Я подхожу и беру у них со стола флакон. Дешевая ароматерапия, обман и еще раз обман простака. Они меня не звали, особенно, та, что хочет продать запах. Я делаю знак рукой, означающий: "без комментариев, мое дело - сторона", и подношу флакон к носу. Мои флоксы опять со мной.
- Это масло тропического цветка. Название не помню. Он растет в сельве, понимаешь, да?
- Да, да, да, джунгли, ливневые леса.
Хочу подобрать еще один синоним, но затыкаюсь, потому что других синонимов слова "сельва" нет. Я - редактор. Я знаю.

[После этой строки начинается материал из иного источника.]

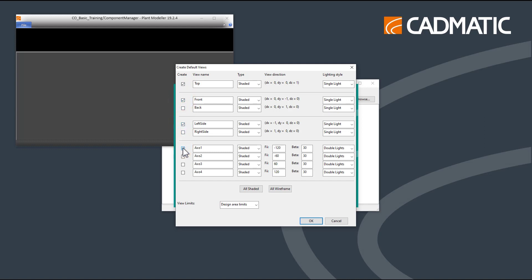In this case, we create the front view in Wireframe and create the other views shaded. Make sure all views are set to Shaded by pressing All Shaded and only change the front view to Wireframe. Press OK to confirm the creation of default views.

Если бы человек мог родиться взрослым, он был бы неуязвим для подколок и не рыдал бы в кино. Если составить и проанализировать каталог своих слабых мест, честно-пречестно, то окажется: все они из детства. До конца дней меня будет гипнотизировать туман в поле с горками сена, дымящаяся установка для ингаляции. Духи с тяжелыми восточными композициями, но не все. Изображение фиолетовых цветов, рядами уходящих в темноту - бывают такие скринсейверы.
И еще - глухонемые в метро. Они обмениваются знаками, которых нет в разговорнике для рук. Говорят, их язык меняется быстрее, чем наш. Потому что у них больше сленга. Хотя на самом деле, они просто шифруются и передают друг другу тайны из жизни флоксовых человечков.